• **Source material**
※
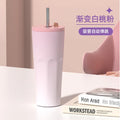 Gradient Auto Pop-Up Straw Stainless Steel Cup 700ml Travel Straw Cup Qme Pink 700ml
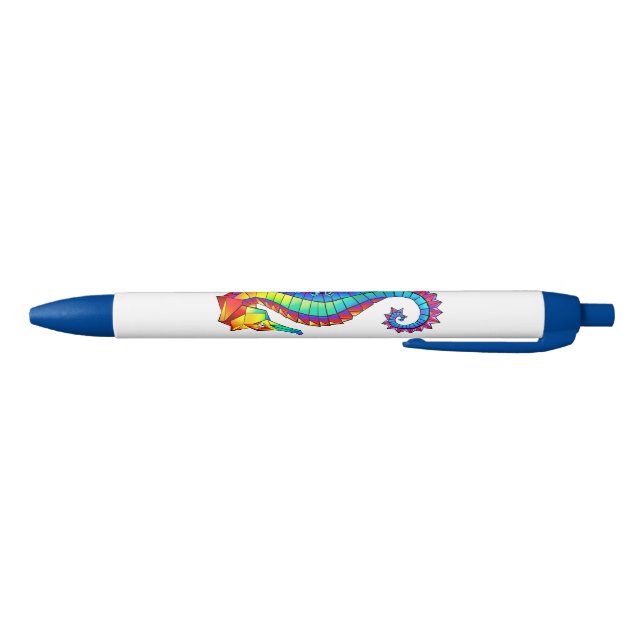 Rainbow Polygonal Seahorse Black Ink Pen (Bottom)
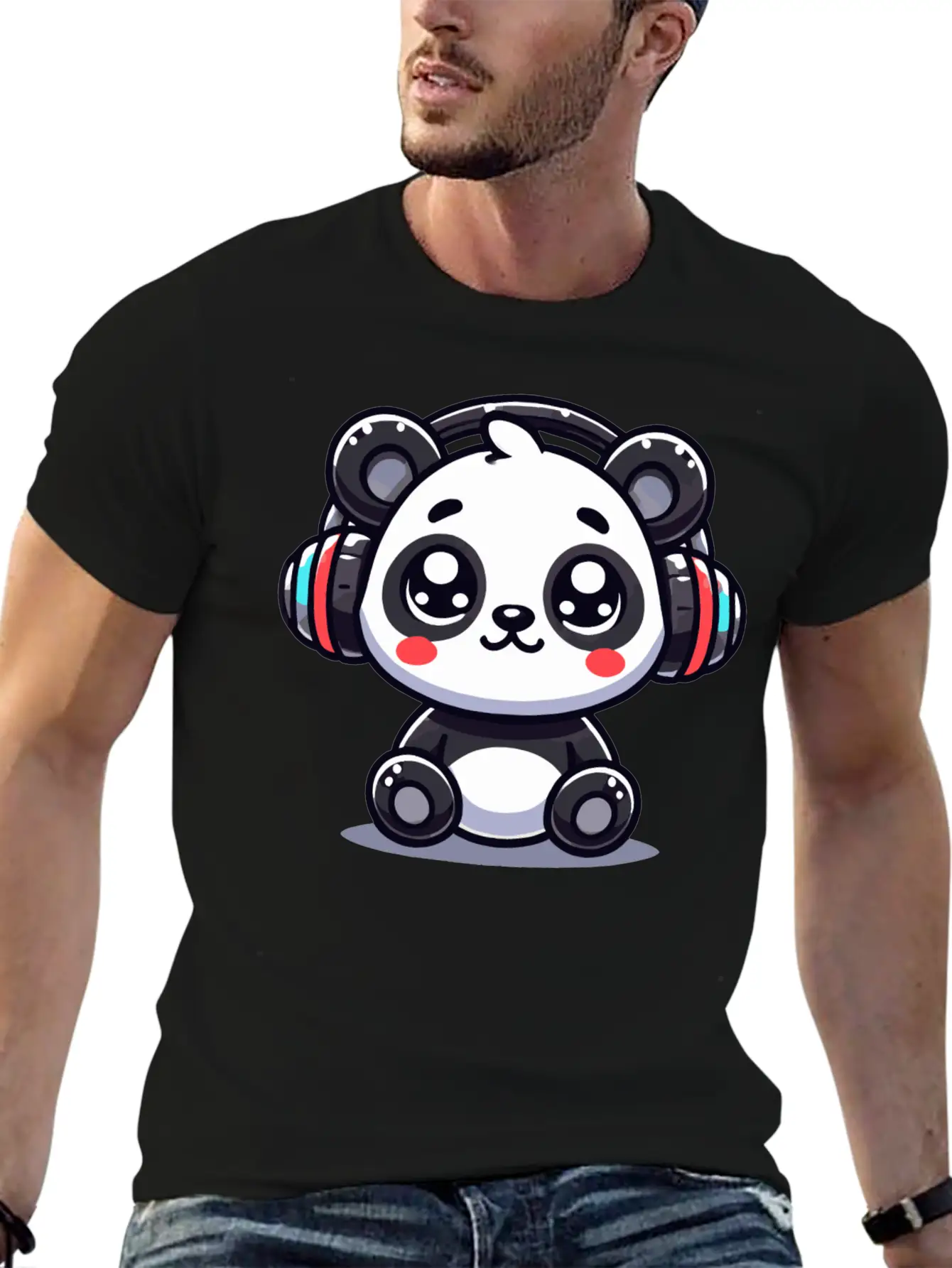 Cute Panda Headphone Motif Breathable Graphic T-Shirt – Perfect For Casual Days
※
• **Exercise**
Write out every line of the listing exactly as written, and leave the pictures out.

• **Exercise response**
 Gradient Auto Pop-Up Straw Stainless Steel Cup 700ml Travel Straw Cup Qme Pink 700ml
 Rainbow Polygonal Seahorse Black Ink Pen (Bottom)
 Cute Panda Headphone Motif Breathable Graphic T-Shirt – Perfect For Casual Days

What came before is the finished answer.